Action Opposing the PRB Project 

The Sierra Club is the nation's leader in environmental litigation, using the courts to fight for environmental protection at the national, regional and local levels.

Feb. 26, 2007. The Federal Railroad Administration denied DM&E’s request for a $2.3 billion loan to finance extending and updating its main line to haul coal. The Sierra Club issued a legal challenge to the proposed award of the loan under the National Environmental Policy Act (NEPA). The FRA’s denial of this massive loan vindicates the Club’s position that taxpayer dollars should not go to fund this railroad. The FRA said that the loan "posed an unacceptably high risk to federal taxpayers."
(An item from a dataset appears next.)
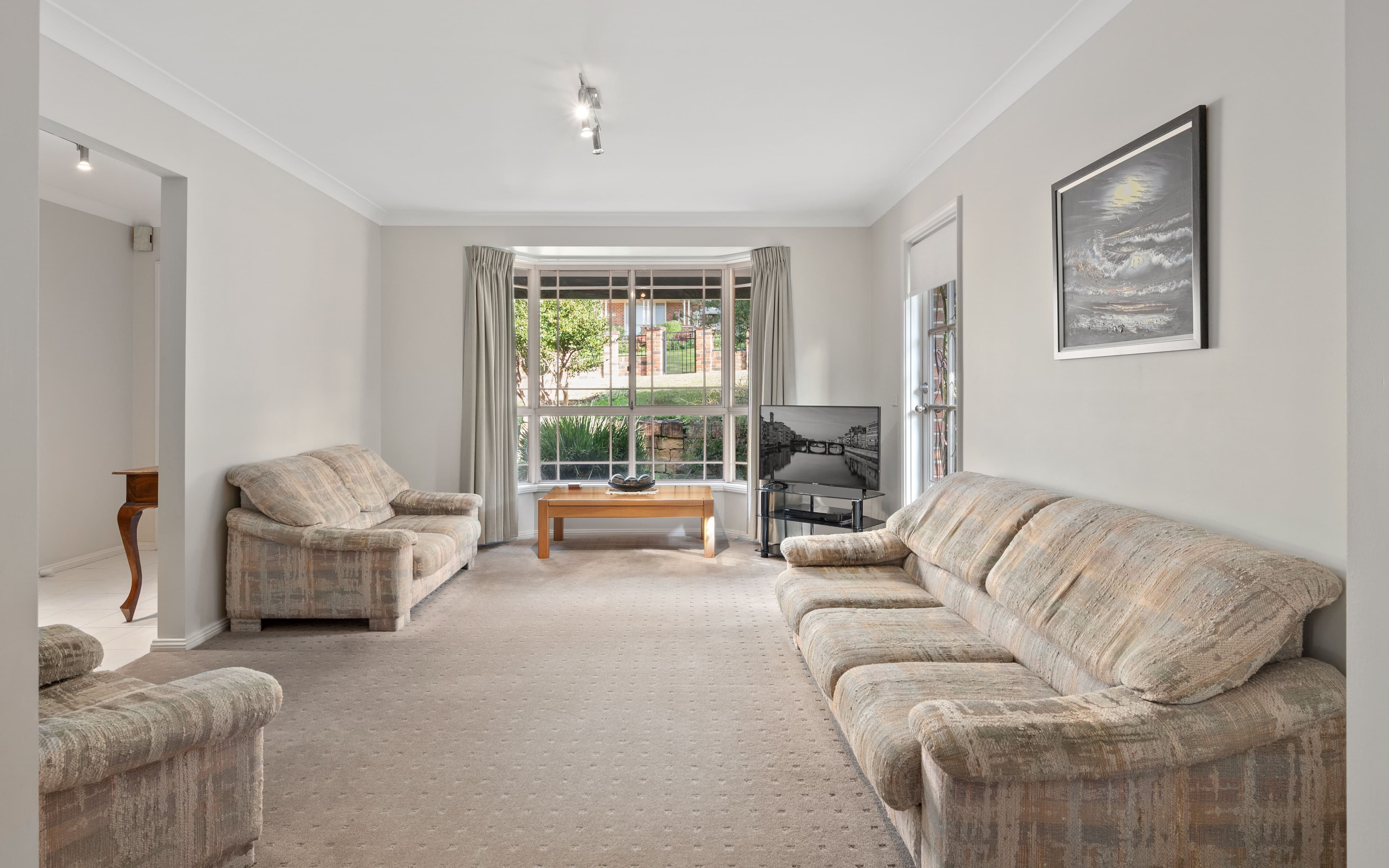 8 Sir John Jamison Circuit, Glenmore Park NSW 2745, Glenmore Park - Thumbnail 3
April 15, 2006. Trying to stop a proposed 980-mile rail line that would haul coal from mines in Wyoming's Powder River Basin, the Sierra Club filed a lawsuit asking the court once again to reject a faulty study by the U.S. Surface Transportation Board. In an earlier ruling (see below), the court rejected the project's environmental impact statement and directed the Board to redo the study and include impacts on global warming. The Board issued a new study for the project, but it again ignored the environmental impacts of transporting and burning an estimated 100 million tons of coal in power plants every year, which could increase coal usage nationwide by 10 percent.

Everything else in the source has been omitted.